Butlers GmbH & Co KG is a German lifestyle retail chain that sells home accessories, decoration, furniture, and gifts in more than 160 stores throughout Europe. The Cologne-based company also operates an online shop for Austria, Great Britain, Germany, Switzerland, and Spain, utilizing the tag line “made for your home” and presenting decoration ideas through themed tables.

== History ==
Butlers originated from the family-run company "Wilhelm Josten Söhne", founded in 1829 in Neuss, Germany, which operated the department store "Josten", known for kitchenware and household appliances. In 1999, the brothers Wilhelm and Paul Josten, together with Frank Holzapfel, opened the first Butlers store in Cologne.
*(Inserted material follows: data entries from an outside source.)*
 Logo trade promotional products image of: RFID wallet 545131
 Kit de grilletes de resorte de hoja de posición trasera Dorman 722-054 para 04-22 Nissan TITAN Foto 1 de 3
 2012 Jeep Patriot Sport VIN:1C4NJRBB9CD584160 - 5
In 2005, Butlers expanded abroad with its subsidiaries "Butlers Trading Ltd." and "Butlers Handel GmbH". The first branches outside of Germany were established in London, Zurich, and Vienna. While stores in Germany, Austria, Switzerland, Spain, and Great Britain are managed directly by Butlers, franchise partners operate shops in Hungary, Ukraine, Greece, Croatia, Malta, Luxembourg, and the Czech Republic.
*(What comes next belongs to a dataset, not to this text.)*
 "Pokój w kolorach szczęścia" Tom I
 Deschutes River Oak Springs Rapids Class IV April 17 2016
In cooperation with the German start-up Stickvogel, Butlers introduced in 2011 the service "Made by you", allowing customers to individualize products via an online configurator through embroidering and engraving, or to print pictures on canvas.

In 2004, Butlers won a German Retail Association award. The company was a two-time finalist (2005 and 2012) in the contest Ernst & Young Entrepreneur of the Year Award. Furthermore, Butlers won the German eCommerce Awards 2012 ("Deutscher Online-Handels-Award") and the NEOCOM Congress 2013 ("Versender des Jahres").

== Assortment ==
The assortment includes kitchenware, household appliancess, furniture, table decorations, home accessories, and textiles.